Reproduce the listing in its entirety. Do not reproduce the pictures.

* Exercise input *
■ ■ ■ ■
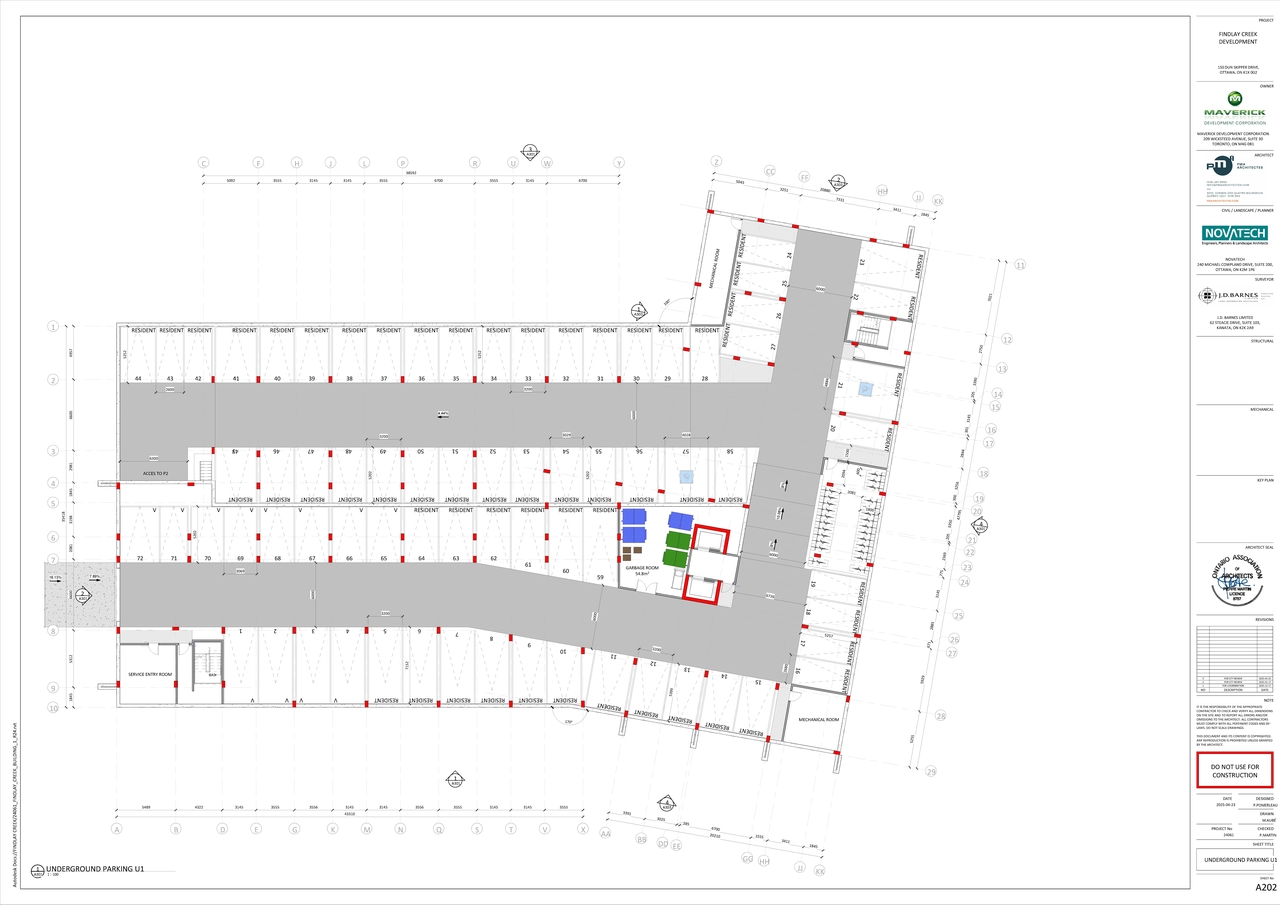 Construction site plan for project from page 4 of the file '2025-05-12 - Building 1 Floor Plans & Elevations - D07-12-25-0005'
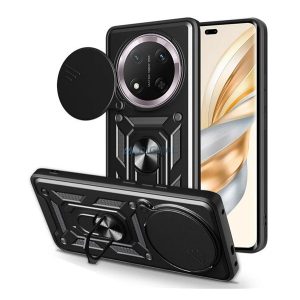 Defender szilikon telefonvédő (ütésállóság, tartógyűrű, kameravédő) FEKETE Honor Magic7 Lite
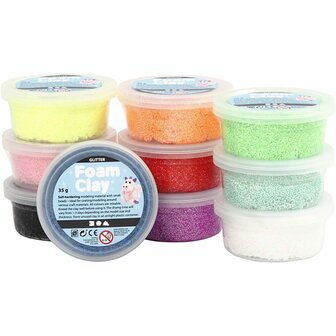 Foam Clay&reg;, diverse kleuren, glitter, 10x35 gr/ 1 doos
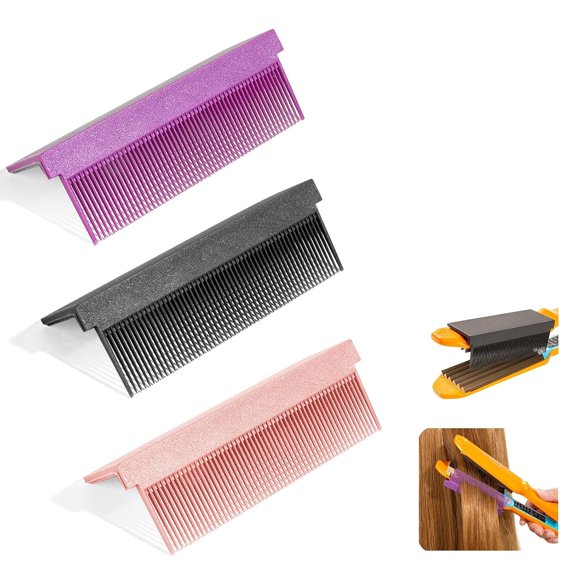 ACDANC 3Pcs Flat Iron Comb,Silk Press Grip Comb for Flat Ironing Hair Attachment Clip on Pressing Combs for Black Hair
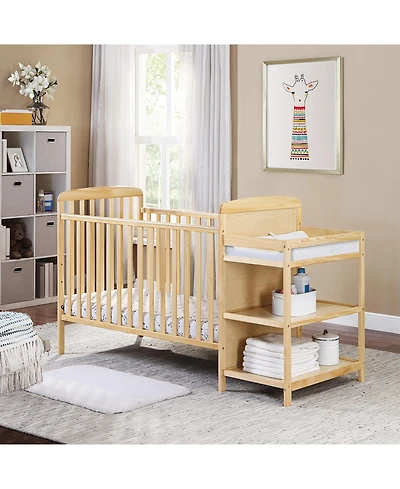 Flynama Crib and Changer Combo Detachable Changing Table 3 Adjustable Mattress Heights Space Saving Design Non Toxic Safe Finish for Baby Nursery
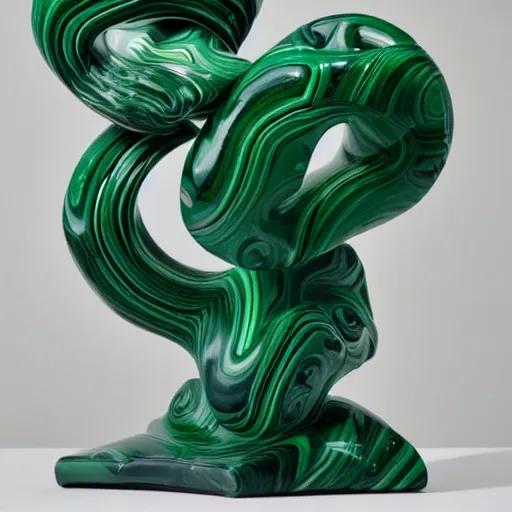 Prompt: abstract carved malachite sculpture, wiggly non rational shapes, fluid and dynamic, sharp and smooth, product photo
■ ■ ■ ■
* Output for this exercise *
 Construction site plan for project from page 4 of the file '2025-05-12 - Building 1 Floor Plans & Elevations - D07-12-25-0005'
 Defender szilikon telefonvédő (ütésállóság, tartógyűrű, kameravédő) FEKETE Honor Magic7 Lite
 Foam Clay&reg;, diverse kleuren, glitter, 10x35 gr/ 1 doos
 ACDANC 3Pcs Flat Iron Comb,Silk Press Grip Comb for Flat Ironing Hair Attachment Clip on Pressing Combs for Black Hair
 Flynama Crib and Changer Combo Detachable Changing Table 3 Adjustable Mattress Heights Space Saving Design Non Toxic Safe Finish for Baby Nursery
 Prompt: abstract carved malachite sculpture, wiggly non rational shapes, fluid and dynamic, sharp and smooth, product photo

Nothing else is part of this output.